40450,0.54,Ideal,F,IF,62.2,54.0,2729,5.24,5.27,3.27,Surat
40451,0.53,Ideal,F,IF,61.9,54.0,2802,5.22,5.25,3.24,Surat
40452,0.30,Ideal,F,IF,62.3,55.0,886,4.30,4.34,2.69,Surat
40453,0.26,Ideal,F,IF,60.9,55.0,768,4.15,4.23,2.55,Surat


In [4]:
diamonds_original_withoutcity.drop(columns=['city','depth','table','x','y','z'], inplace=True, axis=1)

In [5]:
diamonds_test_withoutcity.drop(columns=['city','depth','table','x','y','z'], inplace=True, axis=1)

In [6]:
diamonds_original_withoutcity.cut.unique()

array(['Premium', 'Very Good', 'Fair', 'Good', 'Ideal'], dtype=object)

In [7]:
diamonds_original_withoutcity.color.unique()

array(['J', 'E', 'I', 'G', 'D', 'H', 'F'], dtype=object)

In [8]:
diamonds_original_withoutcity.clarity.unique()

array(['VS2', 'VVS2', 'SI1', 'VS1', 'SI2', 'I1', 'VVS1', 'IF'],
      dtype=object)

In [9]:
diamonds_with_cuts = diamonds_original_withoutcity.cut.map({'Fair':0.20, 'Good':0.40,'Very Good':0.60, 'Premium':0.80,'Ideal':1})
diamonds_with_colors = diamonds_original_withoutcity.color.map({'J':0.14, 'I':0.28,'H':0.43, 'G':0.57,'F':0.71,'E':0.86, 'D':1})
diamonds_with_clarity = diamonds_original_withoutcity.clarity.map({'I1':0.20, 'SI1':0.40,'SI2':0.40, 'VS1':0.6,'VS2':0.6,'VVS1':0.80,'VVS2':0.80,'IF':1})
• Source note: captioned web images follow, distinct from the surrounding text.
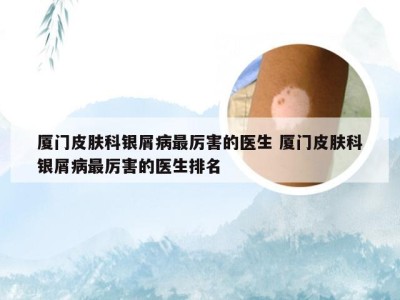 厦门皮肤科银屑病最厉害的医生 厦门皮肤科银屑病最厉害的医生排名
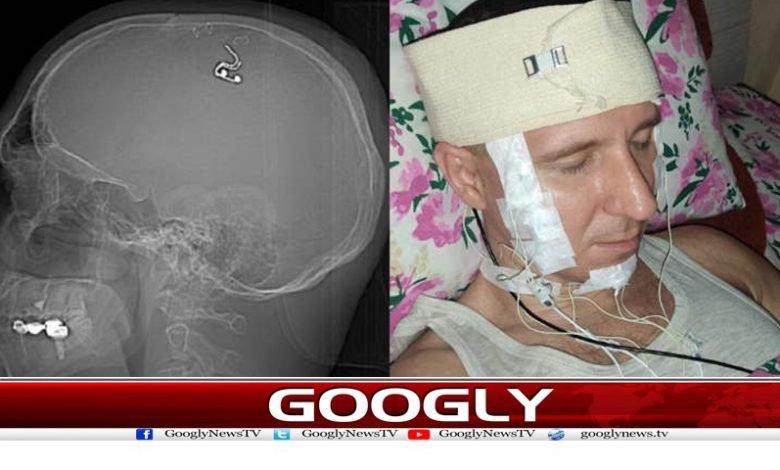 Russian Scientist Surgery on Himself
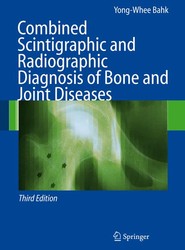 Combined Scintigraphic and Radiographic Diagnosis of Bone and Joint Diseases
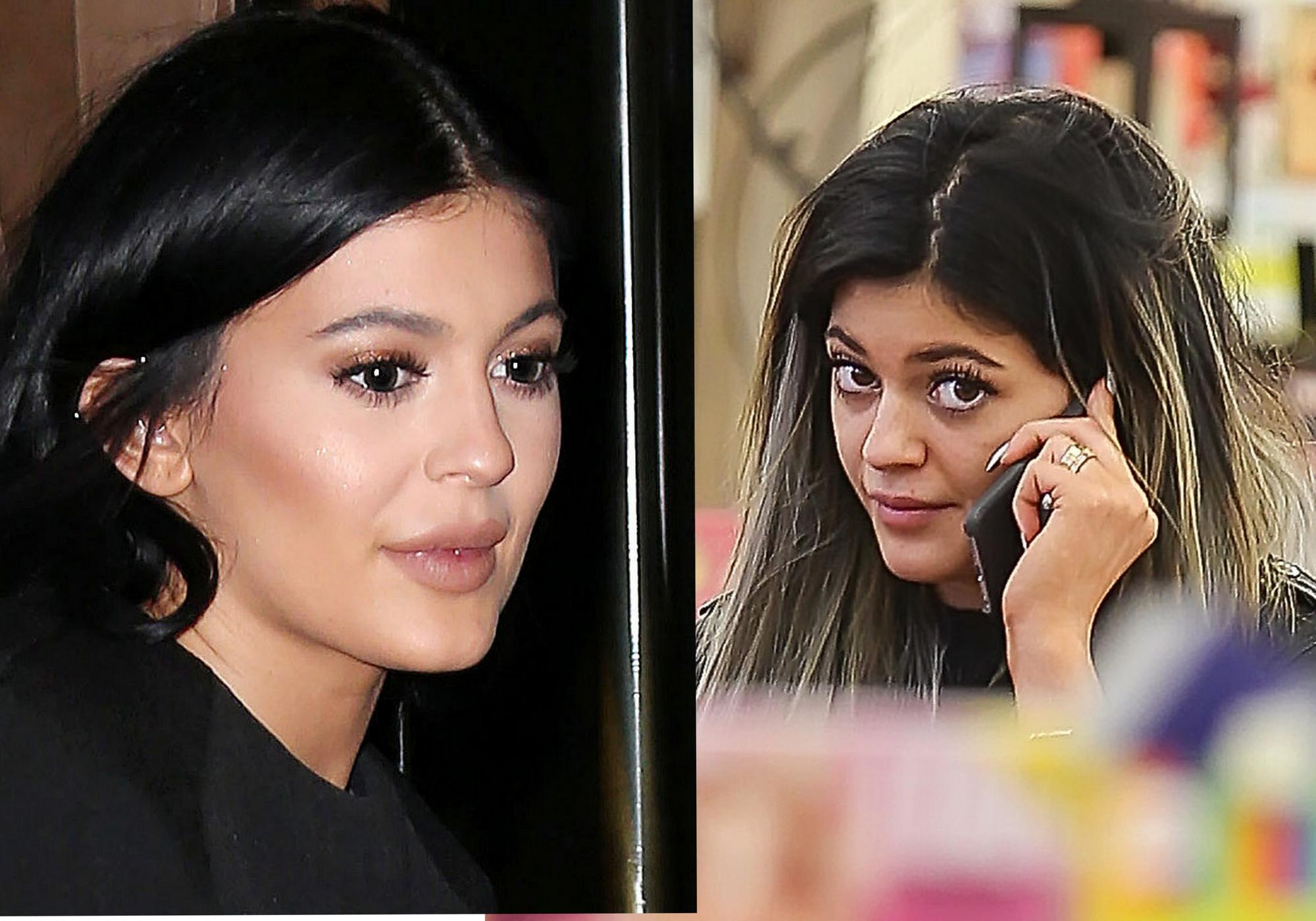 Kas nutiko 17-metės Kylie Jenner veidui?(FOTO)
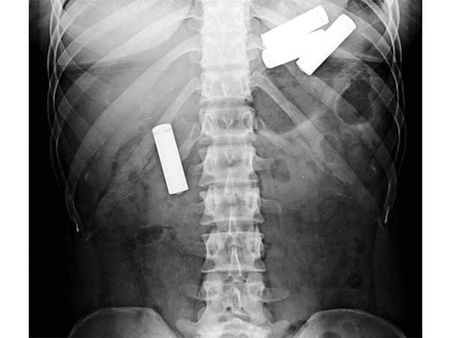 બેટરી બેટરી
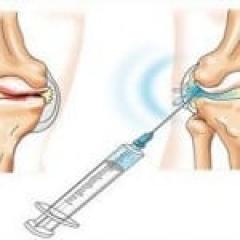 Как се инжектират хиалуронова киселина в коляното
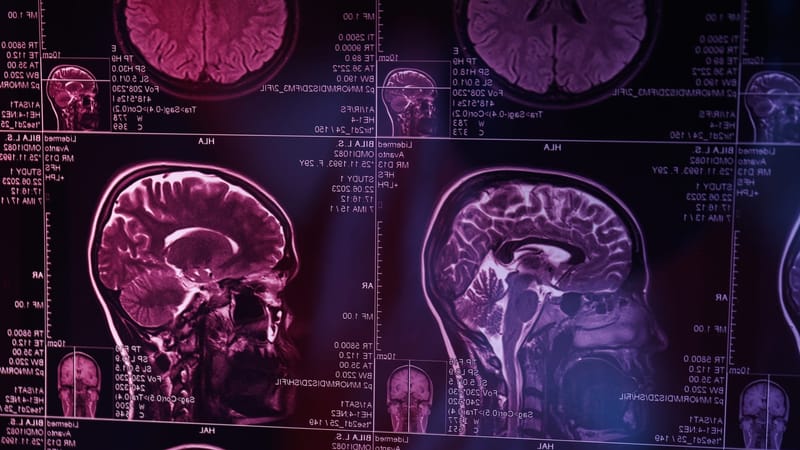 COVID-19 și îmbătrânirea cerebrală: Când timpul curge mai repede pentru creierul tău imagine postare
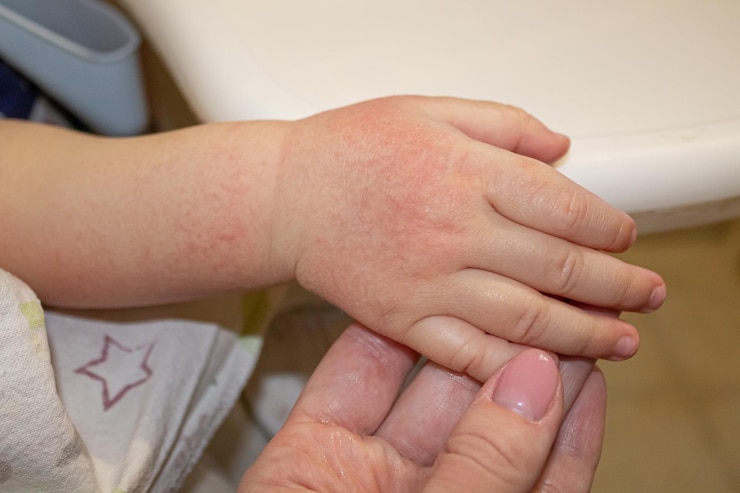 Foto manchas vermelhas na pele das mãos de uma criança alergia infantil secura e irritação da pele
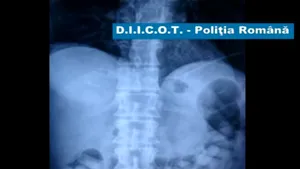 Un bulgar a înghiţit un kilogram de cocaină. Vezi aici radiografia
diamonds_test_with_cuts = diamonds_test_withoutcity.cut.map({'Fair':0.20, 'Good':0.40,'Very Good':0.60, 'Premium':0.80,'Ideal':1})
diamonds_test_with_colors = diamonds_test_withoutcity.color.map({'J':0.14, 'I':0.28,'H':0.43, 'G':0.57,'F':0.71,'E':0.86, 'D':1})
diamonds_test_with_clarity = diamonds_test_withoutcity.clarity.map({'I1':0.20, 'SI1':0.40,'SI2':0.40, 'VS1':0.6,'VS2':0.6,'VVS1':0.80,'VVS2':0.80,'IF':1})

In [10]:
diamonds_original_withoutcity['clarity'] = diamonds_with_clarity
diamonds_test_withoutcity['clarity'] = diamonds_test_with_clarity

In [11]:
diamonds_original_withoutcity['cut'] = diamonds_with_cuts
diamonds_test_withoutcity['cut'] = diamonds_test_with_cuts

In [12]:
diamonds_original_withoutcity['color'] = diamonds_with_colors
diamonds_test_withoutcity['color'] = diamonds_test_with_colors

In [13]:
target = "price"
cat_features = ['cut','color','clarity']
num_features = ['carat']

features = cat_features + num_features

In [14]:
from sklearn.preprocessing import MinMaxScaler
scaler = MinMaxScaler()
diamonds_scaled = scaler.fit_transform(diamonds_original_withoutcity.loc[:,features].values)
diamonds_test_scaled = scaler.fit_transform(diamonds_test_withoutcity.loc[:,features].values)

In [15]:
diamond_scaler_df = pd.DataFrame(diamonds_scaled, columns=["carat","cut","color","clarity"])
diamond_test_scaler_df = pd.DataFrame(diamonds_test_scaled, columns=["carat","cut","color","clarity"])

In [16]:
diamond_scaler_df

Unnamed: 0,carat,cut,color,clarity
0,0.75,0.000000,0.5,0.234884
1,0.75,0.000000,0.5,0.190698
2,0.75,0.000000,0.5,0.132558
3,0.75,0.000000,0.5,0.304651
4,0.75,0.000000,0.5,0.086047
...,...,...,...,...
40450,1.00,0.662791,1.0,0.079070
40451,1.00,0.662791,1.0,0.076744
40452,1.00,0.662791,1.0,0.023256
40453,1.00,0.662791,1.0,0.013953


In [17]:
diamond_test_scaler_df

Unnamed: 0,carat,cut,color,clarity
0,0.50,0.662791,0.25,0.122661
1,1.00,0.000000,0.50,0.207900
2,0.75,0.337209,0.25,0.284823
3,0.50,0.662791,0.25,0.145530
4,0.50,0.662791,0.50,0.062370
...,...,...,...,...
13480,1.00,0.837209,0.25,0.076923
13481,1.00,0.162791,0.50,0.106029
13482,1.00,0.662791,0.50,0.103950
13483,0.50,0.662791,0.25,0.103950


In [18]:
#cols = ['carat', 'x','y','z']

#Q1 = train_df[cols].quantile(0.25)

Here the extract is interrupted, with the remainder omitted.